What's the problem with rounding?

The problem is that integer division truncates. Let's assume you have 4 1 bit readings. They can be either 1 or 0. Let's look at the averages in integer arithmetic. You can even try this in python.

Sample: 1 1 1 1, average 4 / 4 = 1.

Sample: 1 1 1 0, average 3 / 4 = 0.

Sample: 1 1 0 0, average 2 / 4 = 0.

Sample: 1 0 0 0, average 1 / 4 = 0.

Sample: 0 0 0 0, average 0 / 4 = 0.

By intuition, if there are more 1-s than 0-s then we should round up, since the data is more 1-s so that is a more accurate account of the situation. And by convention we round up the 1 1 0 0 case.

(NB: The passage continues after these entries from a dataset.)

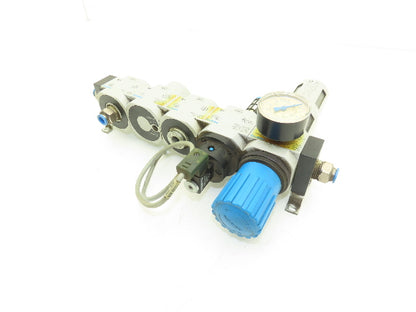 Festo Air Regulator Filter Solenoid On Off Valve Branching Manifold  Assembly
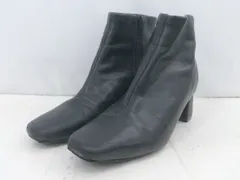 ■ RANDA フェイクレザー チャンキーヒール スクエアトゥ ストレッチ ショート ブーツ Mサイズ ブラック レディース E  【1305020006209】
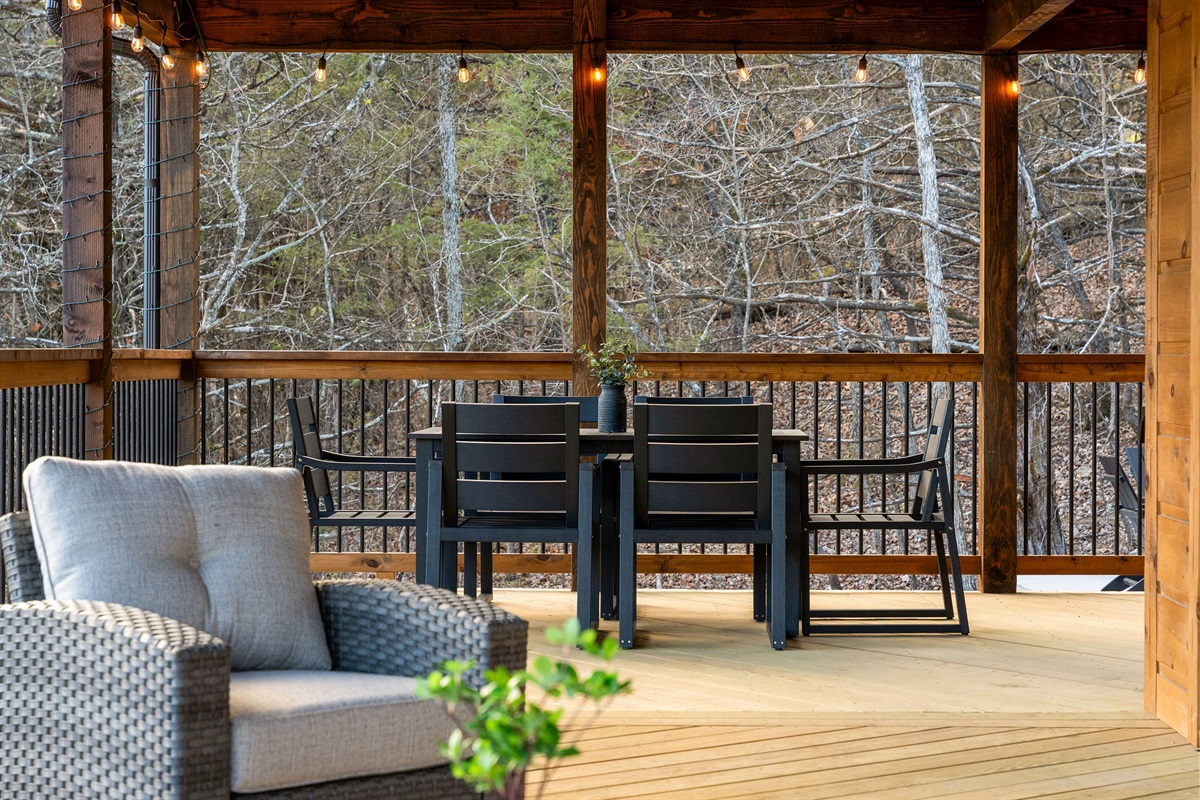 Outdoor dining area set up for easy, relaxed meals.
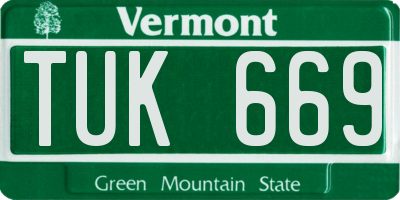 VT license plate TUK669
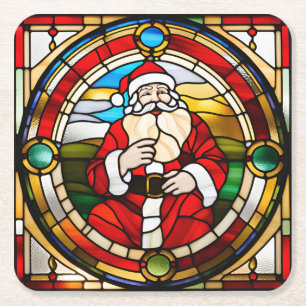Faux Stained Glass Sitting Santa  Square Paper Coaster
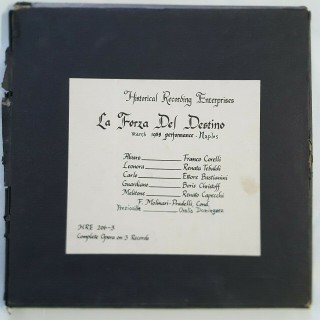 625 33 Giri La Forza del Destino Naples 1958 - Corelli, Christoff HRE 206-3 625 33 Giri La Forza del Destino Naples 1958 - Corelli, Christoff HRE 206-3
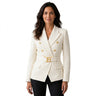 Blazer jacquard pour femme avec ceinture 1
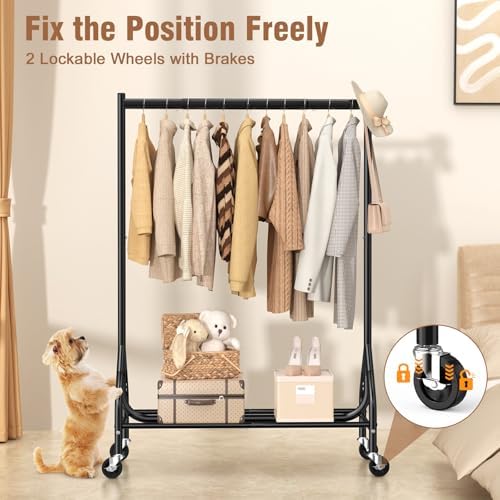 EAGMAK Heavy Duty Clothes Rack Load 420 LBS, Rolling Garment Rack with Lockab...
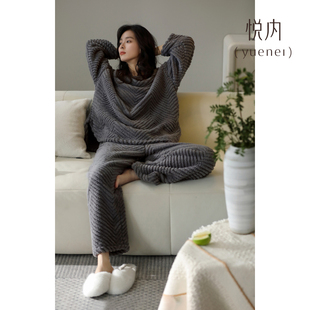 睡衣女士秋冬季 保暖圆领套头 冬款 法兰绒加厚加绒珊瑚绒家居服长款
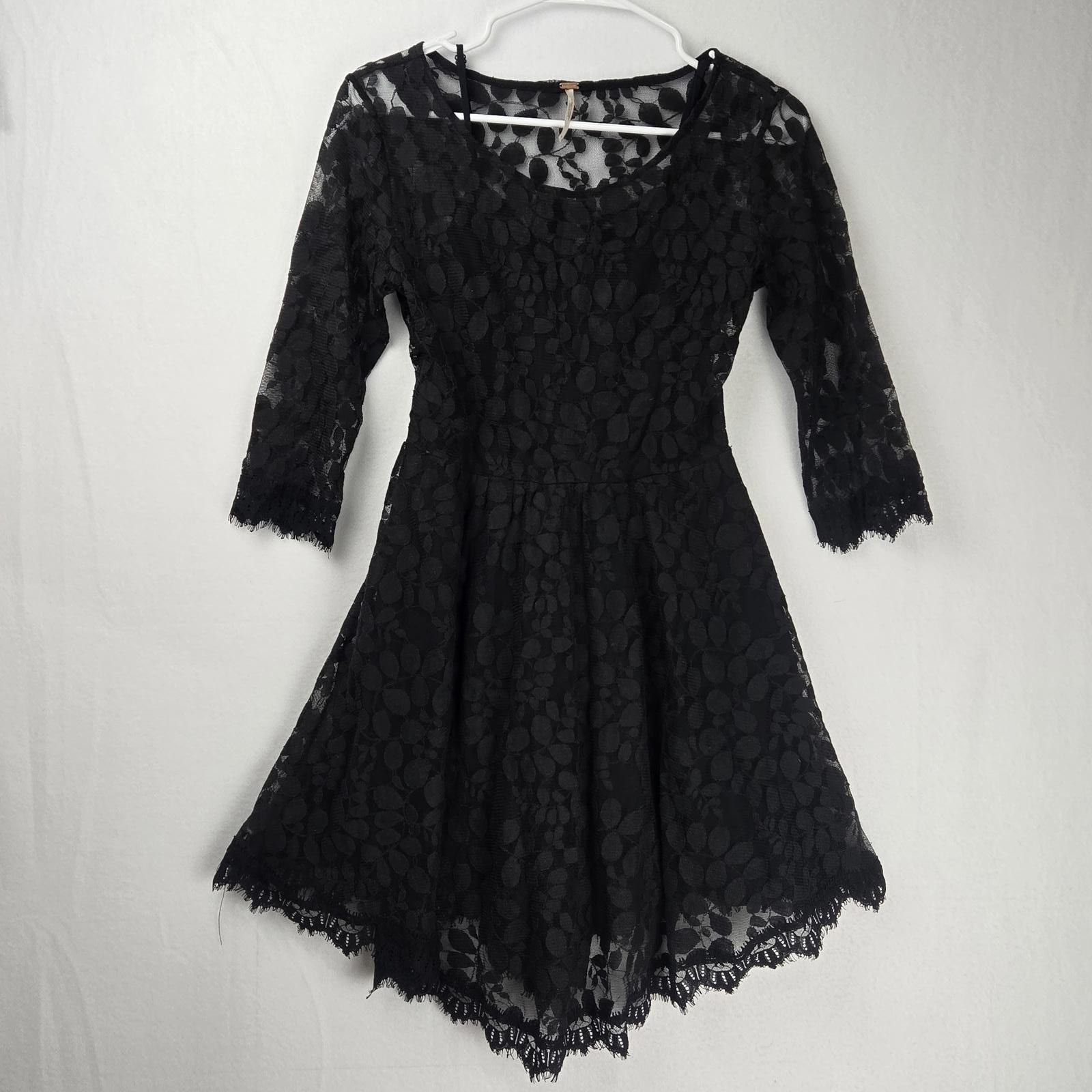 Free People Free People Black Lace Dress 3/4 Sleeves Size 4 Size S / US 4 / IT 40 - 2 Thumbnail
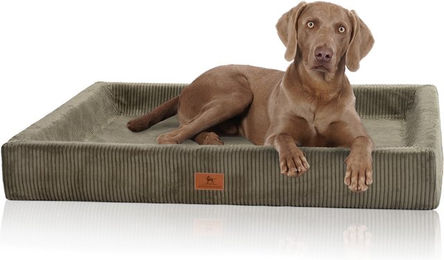 Knuffelwuff orthopädisches Hundebett aus Cord mit Handwebcharakter Santiago S 70 x 50cm Khaki – Bild 1 von 3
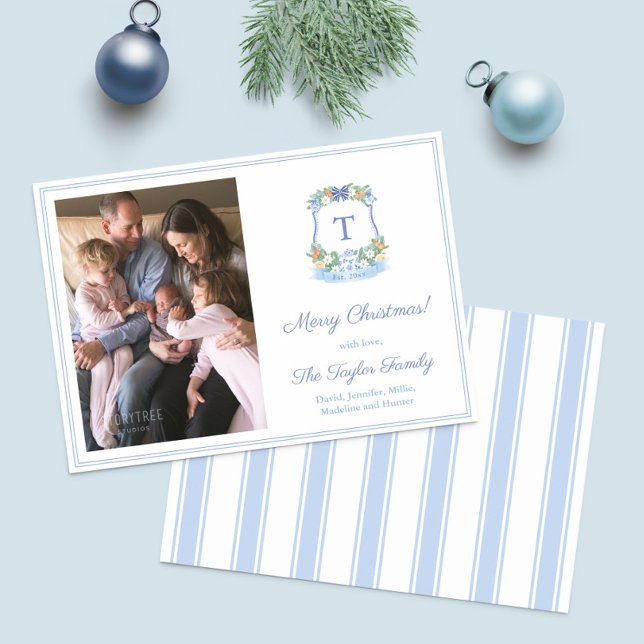 Weihnachten mit Handgemälden in Blau und Weiß (Watercolor Citrus Monogram photo Christmas Cards with blue and white stripe backer)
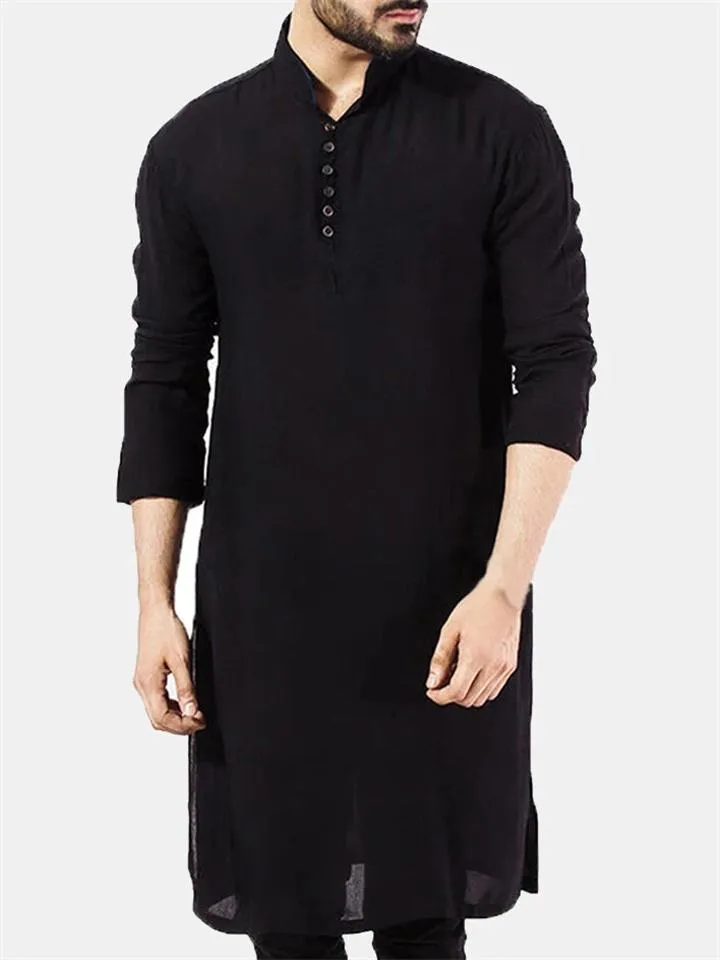 Men's Indian Traditional Kurta Solid Color Cotton Long Shirts Ethnic Outfits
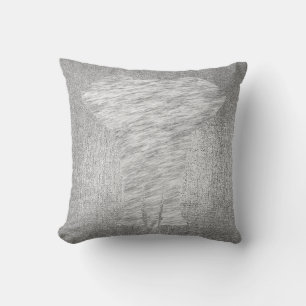 Silver Grey Metallic Black Animal Skin Elephant Throw Pillow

To fix this we want the result of the division to be 1 with a non negative remainder in the first 3 cases, so it truncates to 1. An addition of 0.5 to the result would do the trick if we had rational numbers. 1 + 0.5 truncates to 1, 0.67 + 0.5 truncates to 1, 0.5 + 0.5 to 1, 0.33 + 0.5 to 0 and 0.5 to 0. But we don't have rational numbers. However, this is still a good starting point.

We can avoid the 1/2 in our example if we add 2 to each of our averages and then divide by 4.

Sample: 1 1 1 1, average (4 + 2) / 4 = 1.

Sample: 1 1 1 0, average (3 + 2) / 4 = 1.

Sample: 1 1 0 0, average (2 + 2) / 4 = 1.

Sample: 1 0 0 0, average (1 + 2) / 4 = 0.

Sample: 0 0 0 0, average (0 + 2) / 4 = 0.

Let's generalize this idea of a/b + 1/2. Let's multiply by b and then divide by b and do the algebra.

a/b + 1/2 = (a + b/2) / b.

So that's your formula. Rounding a/b to the nearest integer with non negative integers is a/b = (a + b/2) / b. This formula is even used in the Linux kernel see line 102 in /include/linux/kernel.h. Or search for "DIV_ROUND_CLOSEST(x, divisor)". It is line 89 in the Raspberry Pi linux kernel. You can see how this is done for (unsigned) negative numbers in the next line there, too.

You can see that this is the case above, too: 4/4 + 1/2 = (4 + 2) / 4

All divisions are integer divisions (ie. truncations). There's the overflow issue when using this code, so you'll have to make sure you can represent (a + b/2).

Now how do you divide integers more efficiently?

Use powers of 2 as the sample size. So don't take 5 readings, take 4 or 8. Don't take 10 readings, take 8 or 16.

To divide by powers of 2, shift the bits. This is the same truncating integer division as above. So this version doesn't round. (7 / 4 = 1, whereas with the rounding version 7/4 = 2)

Divide 6 by 2: 6 >> 1 = 6 / 2^1 = 3,

6 by 4: 6 >> 2 = 6 / 2^2 = 1...

To put everything together, how do you take the integer average of 4 readings on an ATtiny in C with rounding?

Let's suppose you have the sum.

average = (sum + 2) >> 2;

Just make sure (sum + 2) can be represented properly.